VON ARIANE GRABHER
Bregenz (VN) "Dieser Typ ist in deiner
Stadt" verkünden die Billboards an der Bregenzer Seestraße. Mit
Messages und Bildern ist er bereits vor einigen Tagen in die Stadt
eingefallen. Jetzt ist er tatsächlich da, und heute Abend wird die
Ausstellung des amerikanischen Medienkünstlers Doug Aitken im
Kunsthaus eröffnet. "New Ocean (a shifting exhibition)" beendet das
Ausstellungsjahr mit einem Paukenschlag.
Seit seine preisgekrönte Videoinstallation "Electric
Earth" 1999 bei der Biennale von Venedig von Publikum und Kritikern
gleichermaßen hochgelobt wurde, zählt der 1968 in Redondo
Beach/Kalifornien geborene Doug Aitken mit seinem zwischen
Medienkunst und Popkultur oszillierenden Werk zu den internationalen
Superstars.
Internationaler Star
Befasst mit einer nachhaltigen Neuinszenierung des
Mediums Video, die wesentlich vom Fluss der Bewegung (auch des
Betrachters) und dem originären Bildmaterial lebt, handelt sein Werk
von Raum und Zeit, von Chaos und Ordnung, vor allem aber von der
Interaktion von Mensch und Natur.
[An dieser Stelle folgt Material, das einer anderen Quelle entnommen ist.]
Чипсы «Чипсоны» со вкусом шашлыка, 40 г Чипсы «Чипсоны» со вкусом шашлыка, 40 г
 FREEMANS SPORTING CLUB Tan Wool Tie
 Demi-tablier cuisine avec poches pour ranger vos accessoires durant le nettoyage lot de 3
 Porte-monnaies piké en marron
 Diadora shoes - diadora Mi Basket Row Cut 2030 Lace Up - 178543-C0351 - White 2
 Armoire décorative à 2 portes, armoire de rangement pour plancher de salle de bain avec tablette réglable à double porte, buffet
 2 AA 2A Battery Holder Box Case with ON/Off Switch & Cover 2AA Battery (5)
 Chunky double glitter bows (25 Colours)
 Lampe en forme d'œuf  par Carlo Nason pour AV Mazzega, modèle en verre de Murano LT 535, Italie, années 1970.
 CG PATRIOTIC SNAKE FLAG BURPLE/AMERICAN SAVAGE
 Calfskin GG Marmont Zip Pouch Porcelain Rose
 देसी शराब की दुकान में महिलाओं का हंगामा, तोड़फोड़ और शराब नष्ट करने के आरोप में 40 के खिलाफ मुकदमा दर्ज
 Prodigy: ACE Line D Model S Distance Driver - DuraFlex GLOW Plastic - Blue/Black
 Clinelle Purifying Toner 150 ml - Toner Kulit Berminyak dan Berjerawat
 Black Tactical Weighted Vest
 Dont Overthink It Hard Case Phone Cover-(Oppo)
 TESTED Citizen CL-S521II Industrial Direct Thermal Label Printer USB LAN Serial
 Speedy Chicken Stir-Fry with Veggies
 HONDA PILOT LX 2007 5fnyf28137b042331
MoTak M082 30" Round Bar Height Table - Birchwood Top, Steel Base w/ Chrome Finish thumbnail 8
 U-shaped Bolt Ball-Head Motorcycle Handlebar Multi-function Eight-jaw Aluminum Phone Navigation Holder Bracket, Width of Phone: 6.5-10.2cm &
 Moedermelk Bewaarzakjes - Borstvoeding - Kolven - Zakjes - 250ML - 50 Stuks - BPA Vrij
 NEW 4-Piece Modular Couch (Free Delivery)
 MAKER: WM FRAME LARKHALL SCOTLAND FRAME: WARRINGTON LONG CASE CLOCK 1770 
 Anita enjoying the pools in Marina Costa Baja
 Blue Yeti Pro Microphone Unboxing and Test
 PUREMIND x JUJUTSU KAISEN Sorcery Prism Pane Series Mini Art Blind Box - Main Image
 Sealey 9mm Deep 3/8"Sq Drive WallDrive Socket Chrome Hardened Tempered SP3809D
Zwei zentrale Werke aus der
modular konzipierten Folge "New Ocean", erweitert um zwei in Europa
erstmals gezeigte Werkgruppen, stehen im Mittelpunkt der Ausstellung
im Kunsthaus. "New Ocean (a shifting exhibition)" besteht aus
individuellen, a priori sehr unterschiedlichen Arbeiten. In ihrer
Abfolge verbinden sie sich jedoch, einer Welle gleich, zu einem
raumübergreifenden Zyklus.
Macht der Bilder
Zwei bemerkenswerte Dinge bilden den Auftakt zu dieser
fulminanten Schau: räumlich abgetrennt, durch Farb- und Materialwahl
unterstützt, verwandelt Aitken das coole Foyer erstens in einen
veritablen Ausstellungsraum. Allerdings, und damit zweitens: zu
sehen gibt es in der für Bregenz neu produzierten Soundinstallation
"You exist, you think" zunächst wenig, ungewohnt wenig. Eigentlich
gar nichts, sieht man von den auf hölzernen Plattformen stehenden,
sitzenden oder liegenden Besuchern einmal ab. Beschallt von
Lautsprechern über ihnen werden diese selbst irgendwie zu Skulpturen
im Raum. Gleichzeitig suggeriert das an- und abschwellende
Atemgeräusch Gefühls- und Erregungszustände und das imaginäre Bild
atmender Menschen. Doch bereits ein Stockwerk höher ist die
(Bild-)Welt wieder in Ordnung und die folgenden Arbeiten lassen in
ihrer Sogwirkung, als eindrückliches Zusammen von Bild und Ton,
keinen Moment über die Macht der Bilder im Unklaren.
Permanent im Fluss
"Interiors" (2002) thematisiert in einer kreuzförmigen
Architektur den Großtadtmenschen in scheinbar unvereinbaren
Geschichten. Die Eindimensionalität des Blickes "Innen" lässt sich
nur in der Bewegung und von "Außen" entschlüsseln. Urbane Wastelands
und die Einsamkeit menschlicher Existenz verdichten sich, der Sound
wird lauter, die Bilder kommen näher, alles steigert sich - und geht
dann einfach weiter.
Wo es unter der Regie des französischen Künstlers Pierre Huyghe
vor kurzem noch schneite und regnete, da lässt es Aitken in seiner
Videoprojektion "Thaw" von schmelzenden Gletschern in Alaska
knistern und knacken, tropfen und tauen.
Im Wechsel von mikro- und makroskopischen Aufnahmen lässt er die
Wolken ziehen, die Berge Kopf stehen und beweist, dass die Bilder
mittlerweile realer als die Realität geworden sind. In eine digitale
Topographie aus Urgewalt und Naturschönheit lädt der monumentale
Rundbau von "New Ocean Cycle" (2001) ein.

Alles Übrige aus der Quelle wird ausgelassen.